Open peterjc opened 5 years ago
As a bonus, FASTP v0.19.8 onwards can now do read merging as well - so could replace Pear / Flash as well:
It works, proof of principle based on using:
def run_fastp(left_in, right_in, pair_out, adapters=None, debug=False, cpu=0):
"""Run FASTP to do quality trimming and merge overlapping pairs.
The input FASTQ files may be gzipped.
"""
cmd = [
"fastp",
"-i",
left_in,
"-I",
right_in,
"-m",
"--merged_out",
pair_out,
"--detect_adapter_for_pe",
]
# Quoting FASTP documentation:
#
# The most widely used adapter is the Illumina TruSeq adapters.
# If your data is from the TruSeq library, you can add
# --adapter_sequence=AGATCGGAAGAGCACACGTCTGAACTCCAGTCA
# --adapter_sequence_r2=AGATCGGAAGAGCGTCGTGTAGGGAAAGAGTGT
# to your command lines, or enable auto detection for PE data
# by specifing detect_adapter_for_pe.
#
if cpu:
# -w, --thread
# worker thread number, default is 2 (int [=2])
cmd += ["-w", str(cpu)]
return run(cmd, debug=debug)
This isn't any faster on my desktop, run time seems about the same.

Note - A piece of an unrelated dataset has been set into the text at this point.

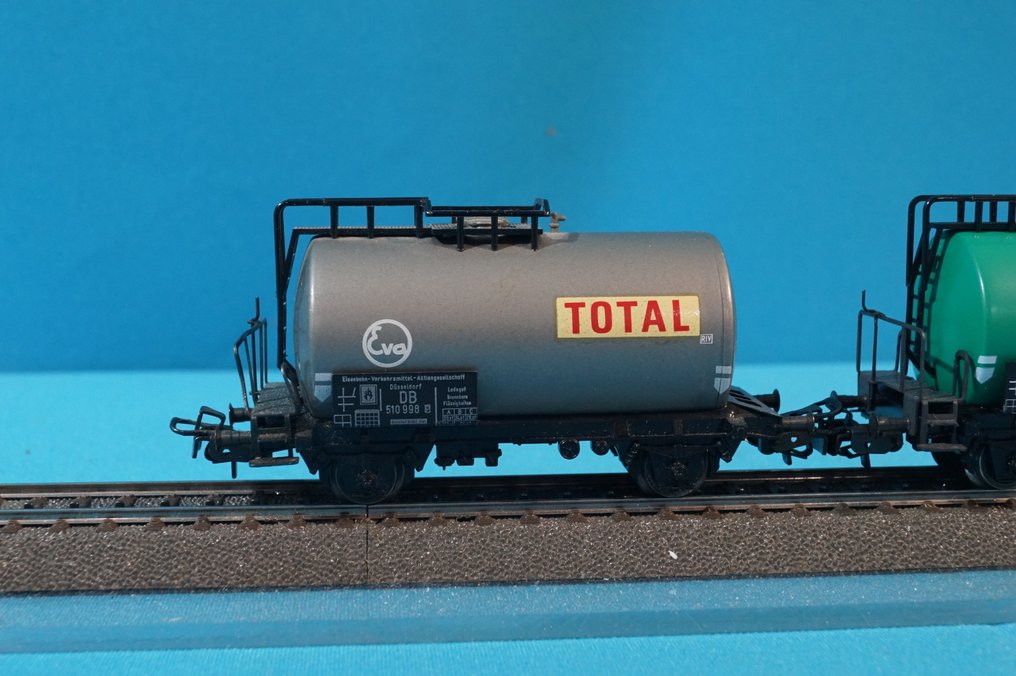 Märklin H0 - 4645 - 4750 - 4644 - 4750 - Modelltogvogn (4) - DB-sett kjelevogner - DB #2.1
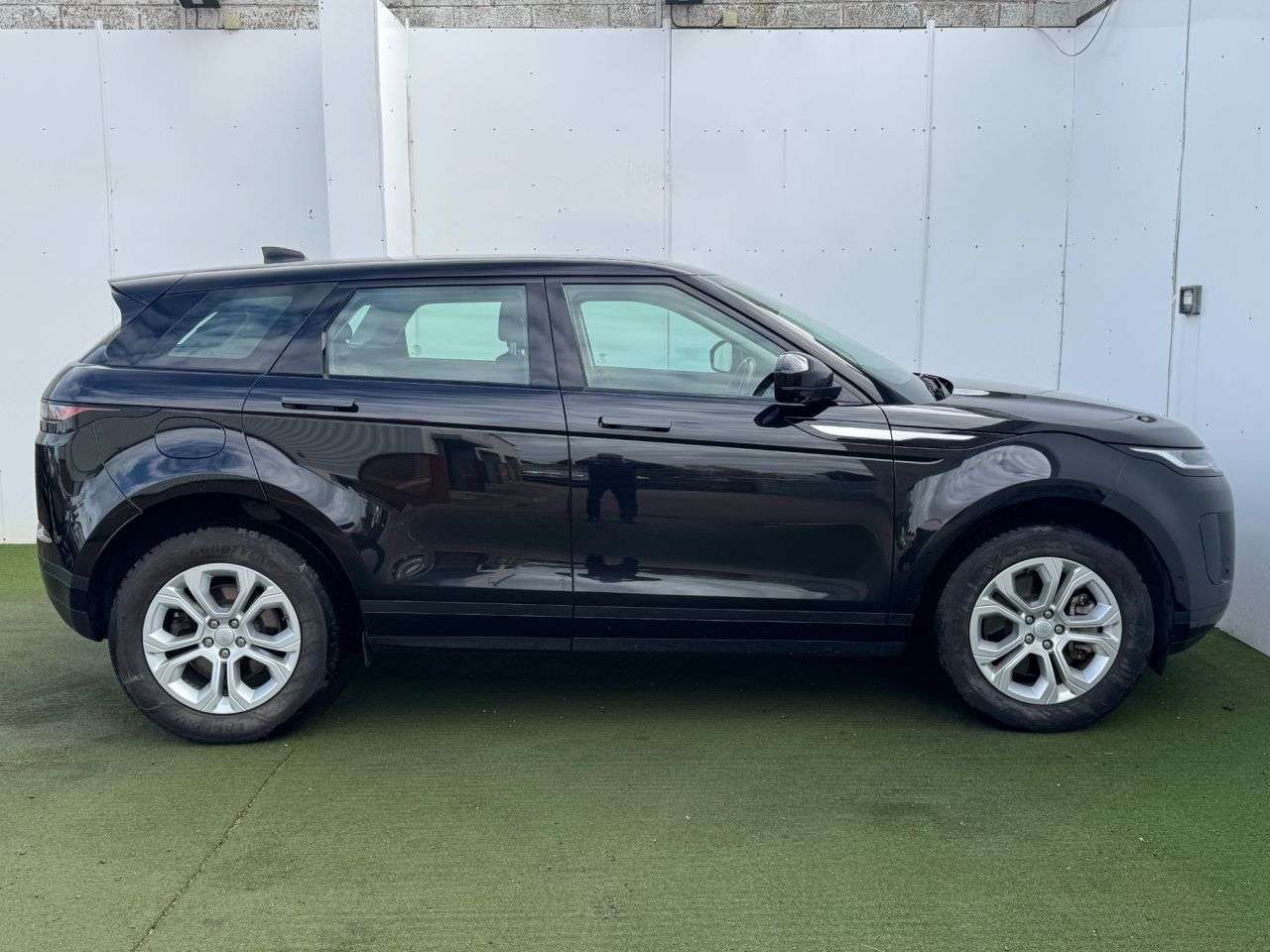 2021 LAND ROVER RANGE ROVER EVOQUE 2021 LAND ROVER RANGE ROVER EVOQUE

Turning off the adapter trimming (-A
) appears to cut the prepare-read time in half, and yet gave the same output (at least at -a 100
abundance threshold) as with it.
Switching to --adapter_sequence=AGATCGGAAGAGCACACGTCTGAACTCCAGTCA
and --adapter_sequence_r2=AGATCGGAAGAGCGTCGTGTAGGGAAAGAGTGT
(i.e. hard coding for TruSeq, much like how we invoke Trimmomatic) is equally fast, and gives practically the same output once again (just in one sample the top read abundance over 20k rose by one).
Attempting to match the apparently more relaxed merging rules of Flash makes a slight difference to the output (+/- one on the read abundances), but that's all. No change in speed:
# FASTP default minium overlap length is 30,
# Flash default is -m 10
"--overlap_len_require",
"10",
# FASTP default overlap diff percentation is 20,
# Flash default is -x 25
"--overlap_diff_percent_limit",
"25",
I logged this issue before dropping trimmomatic and just using flash directly on the raw reads (#314). We still call cutadapt afterwards, but now do demultiplexing of multiple amplicon primers at that point.
As far as I can see, FASTP does not cover the primer detection, trimming and demultiplexing - but it could replace (trimmomatic and) flash.
It would be worth repeating the above experiments with giving raw data to flash (currently pipeline) vs raw data to FASTP.
In addition to possibly being faster, FASTP is still under active development https://github.com/OpenGene/fastp/graphs/code-frequency (recent activity in 2021 after a quite few years), whereas Flash is stable at v1.2.11 from August 2014 at http://ccb.jhu.edu/software/FLASH/ or https://sourceforge.net/projects/flashpage/files/
This isn't currently a bottleneck, but if time allows we might want to look at FASTP?